In late 2008, two Millennium trains were fitted with external cameras atop of carriages near the doors, testing their use for the then-future Waratah trains. These cameras were subsequently incorporated into the final design of the Waratah train.

=== Lines serviced ===
The Millennium trains typically operate on the following lines (normally described as Sector 2):
- T2 Leppington & Inner West Line: Leppington or Parramatta to City Circle via Granville (Weekdays)
- T3 Liverpool & Inner West Line: Liverpool to City Circle via Regents Park and Lidcombe (Weekdays)
- T5 Cumberland Line: Schofields to Leppington or Blacktown to Liverpool (Weekdays)
- T6 Lidcombe & Bankstown Line: Bankstown to Lidcombe
- T7 Olympic Park Line: Shuttle from Lidcombe to Olympic Park (Weekdays)
- T8 Airport & South Line: Macarthur to City Circle via Airport or Sydenham (Weekdays)

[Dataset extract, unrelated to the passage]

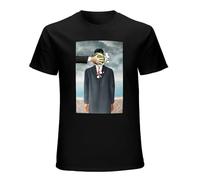 BASLIL TOAST brunch Men's Pie in The Face Rene Magritte Son of Man Short-Sleeve Unisex T-Shirts Black S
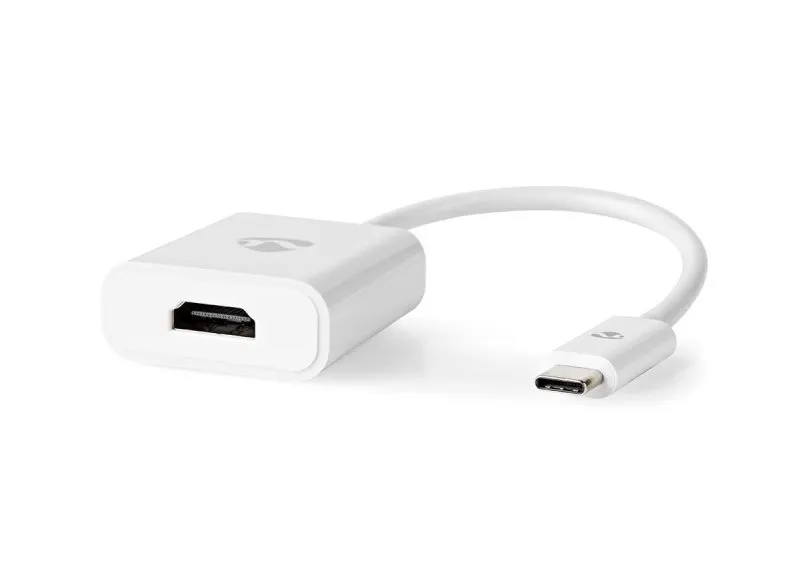Nedis CCGB64651WT02 - USB-C Adaptér na HDMI | Typ-C Zástrčka - HDMI výstup | 0,2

=== Maintenance Depots ===
The trains were originally maintained at Eveleigh Maintenance Centre, they are now maintained at Auburn Maintenance Centre.

As with all other trains, these trains are not exclusively kept in Auburn overnight. They only need to return to the depot for maintenance, and at other times, they may be stabled at various yards on the lines that they operate, such as Blacktown, Liverpool and Rossmore yards.